# Grizzly G1023RLX 10" 3HP saw with extended table



## LittleBlackDuck (Feb 26, 2016)

Hey *HP*, did you stick a photo of the saw up on your wall…?

How about a few happy snaps of it contently snuggling up to you in your workshop.


----------



## TechTeacher04 (Mar 17, 2014)

I recently bought the same saw, I wanted a full 3 HP saw and better dust collection than my G0715P offered. I am having a hard time getting everything level and the missing hardware has slowed the process considerable. I agree about the quality vs price.


----------



## ssnvet (Jan 10, 2012)

re. the fence.

My old Beisemyer weighs a ton, due to using quite heavy gage steel extrusions.

Compare the weight of the Shop Fox to the Beis and I'll bet you a nickel there's quite the difference.


----------



## bp2878 (Jan 5, 2019)

> re. the fence.
> 
> My old Beisemyer weighs a ton, due to using quite heavy gage steel extrusions.
> 
> ...


Yes, big difference in weight. The shop fox one isn't light, but it is much light than the beisemeyer. Once I finish the dresser I'm currently building, I think I'm going to take a day and strip and paint my biesemeyer and throw it on the new saw. Then again I probably won't, too much other stuff to build. good thought though.


----------



## bp2878 (Jan 5, 2019)

What are you having trouble leveling? I read about some having issues with the left wing not being perfectly flat, but mine was fine.

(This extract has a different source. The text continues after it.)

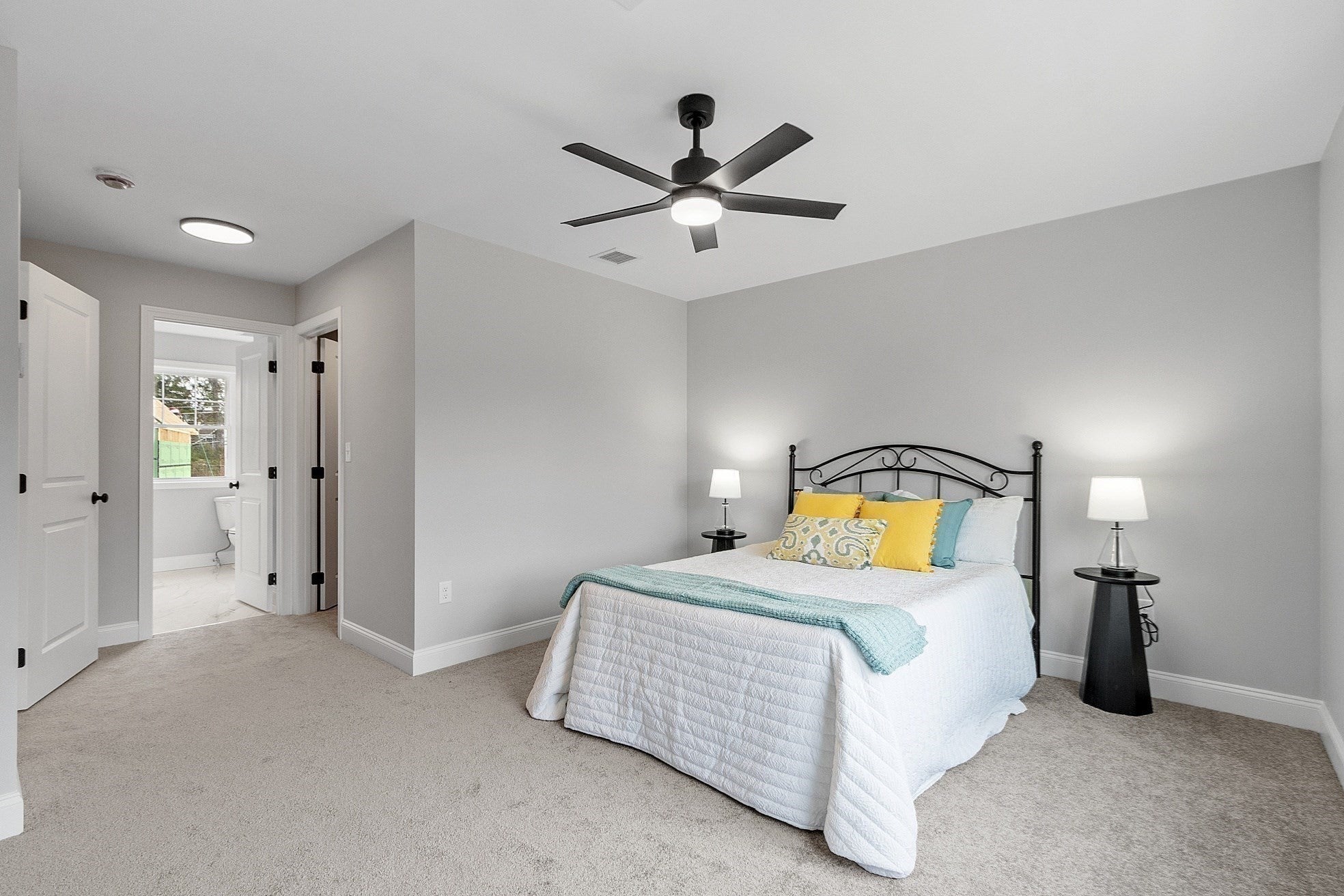 788 Massachusetts Avenue #788, Lunenburg, MA, 788 Massachusetts Avenue #788, Lunenburg, MA Photo #24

> I recently bought the same saw, I wanted a full 3 HP saw and better dust collection than my G0715P offered. I am having a hard time getting everything level and the missing hardware has slowed the process considerable. I agree about the quality vs price.
> 
> - TechTeacher04


----------



## jonah (May 15, 2009)

Disappointing that they've replaced the right wing with more melamine extension table. Those extensions are always crap, even from the big boys.


----------



## TechTeacher04 (Mar 17, 2014)

Update, I have been able to get everything level. The problem was the L iron on the front of the saw that the square tube for the fence mounts too. Made my first cuts yesterday. So far so good.


----------



## OzarkJim (8 mo ago)

We have two of the same saw bought without the extensions in our shop. Instead of adding the Grizzly extensions we went with Vega fence systems and have added Wixey DRO systems. VERY HAPPY with our saws! Since the Vega has a microadjustment and the Wixey reads down to the 1/1000 (not that you need to be that accurate) this combination more or less does the same as an Incra (not knockng the Incra at all).

In particular, the Wixey digital readout was a great improvement taking the guesswork out of reading the red line (which was really bad with the Shop Fox to far from the tape). We have Wixey on our planer and the depth gauge for router table.

Have an Incra fence on one of our Router tables. It is a great fence but they are extremely slow (as in up to 4 months) on shipping. We will be adding another Incra to our other Router table but the Vega/Wixey combination is good enough I think for our Table Saws as we cannot use the combination (with router) on them (clearance issue to right side of tablesaw).


----------